Problem statement >> Reproduce exactly, and only, the lines below from the one containing "Jack &Jones JACCRAZY" through the one containing "Portable Mini Handheld".

Records for the task >>
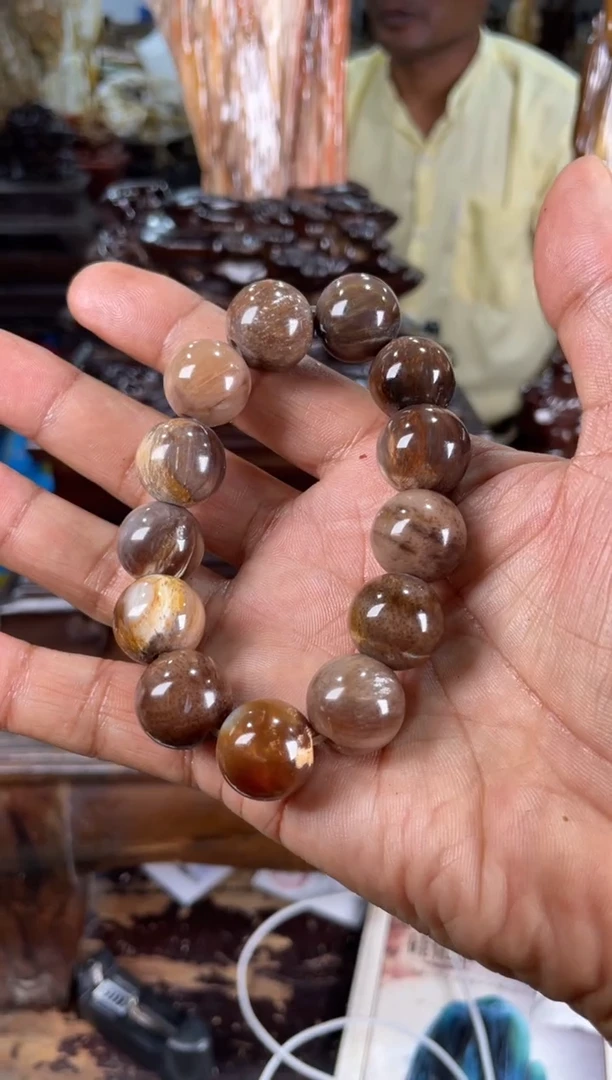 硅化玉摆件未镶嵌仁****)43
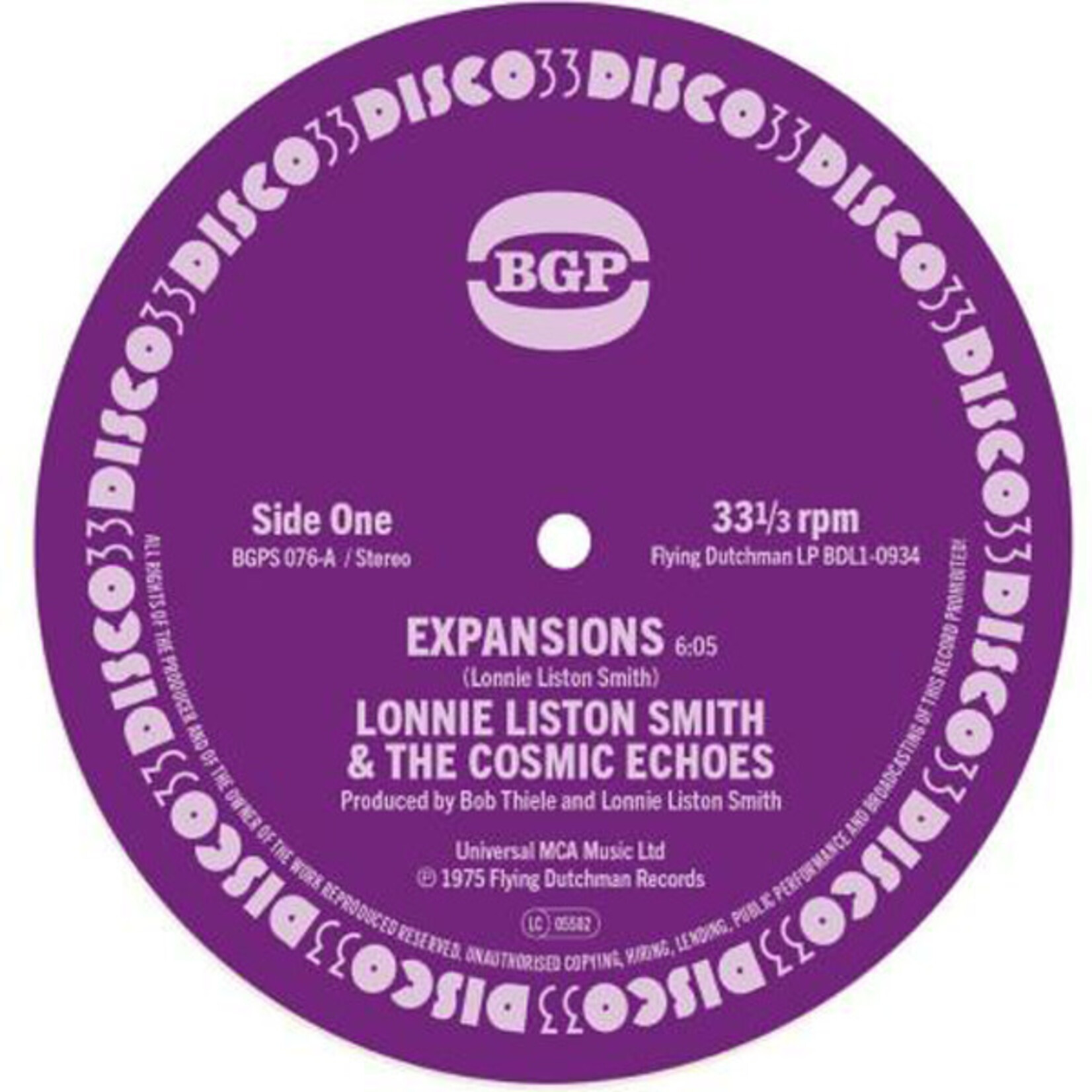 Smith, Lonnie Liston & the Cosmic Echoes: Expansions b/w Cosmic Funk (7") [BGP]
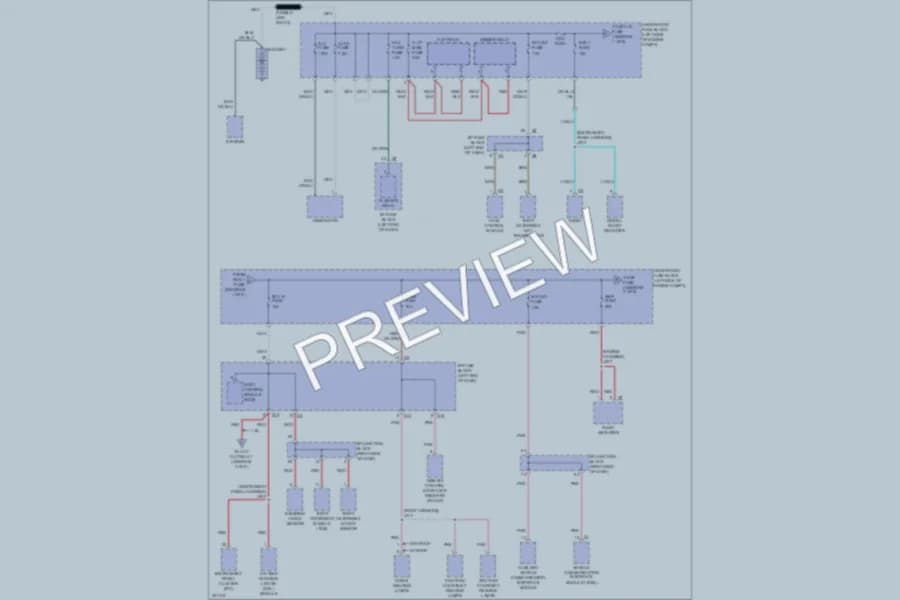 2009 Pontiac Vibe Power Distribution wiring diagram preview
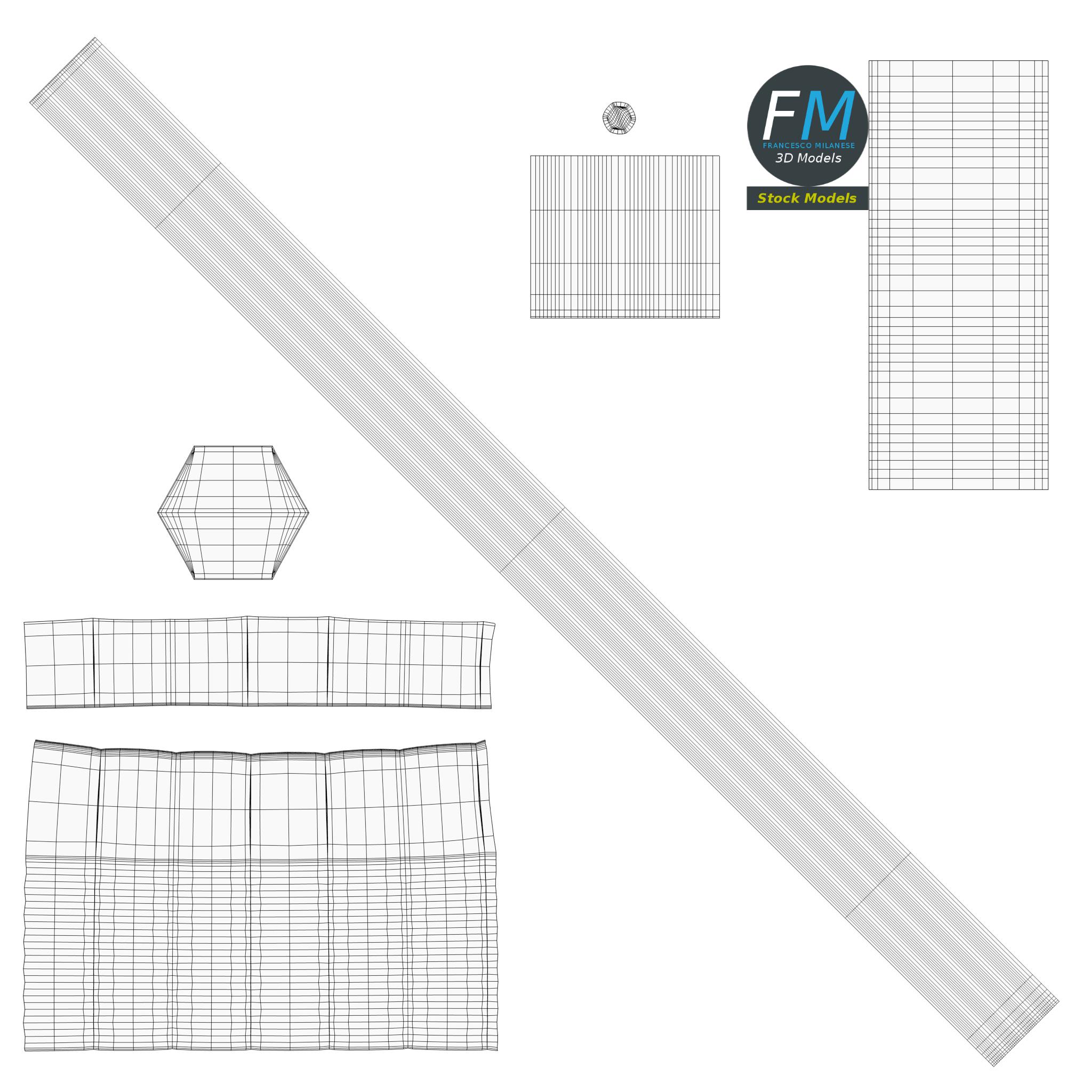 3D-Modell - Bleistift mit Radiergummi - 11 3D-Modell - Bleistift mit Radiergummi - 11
* * *
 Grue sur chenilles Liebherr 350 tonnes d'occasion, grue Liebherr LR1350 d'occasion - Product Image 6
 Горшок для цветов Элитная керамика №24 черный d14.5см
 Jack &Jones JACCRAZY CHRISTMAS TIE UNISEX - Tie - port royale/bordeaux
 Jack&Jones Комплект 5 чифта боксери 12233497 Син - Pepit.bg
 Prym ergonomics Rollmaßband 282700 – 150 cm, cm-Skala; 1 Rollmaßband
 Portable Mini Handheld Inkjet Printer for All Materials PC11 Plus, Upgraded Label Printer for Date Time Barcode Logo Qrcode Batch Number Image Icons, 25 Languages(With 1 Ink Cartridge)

Answer box >>
 Jack &Jones JACCRAZY CHRISTMAS TIE UNISEX - Tie - port royale/bordeaux
 Jack&Jones Комплект 5 чифта боксери 12233497 Син - Pepit.bg
 Prym ergonomics Rollmaßband 282700 – 150 cm, cm-Skala; 1 Rollmaßband
 Portable Mini Handheld Inkjet Printer for All Materials PC11 Plus, Upgraded Label Printer for Date Time Barcode Logo Qrcode Batch Number Image Icons, 25 Languages(With 1 Ink Cartridge)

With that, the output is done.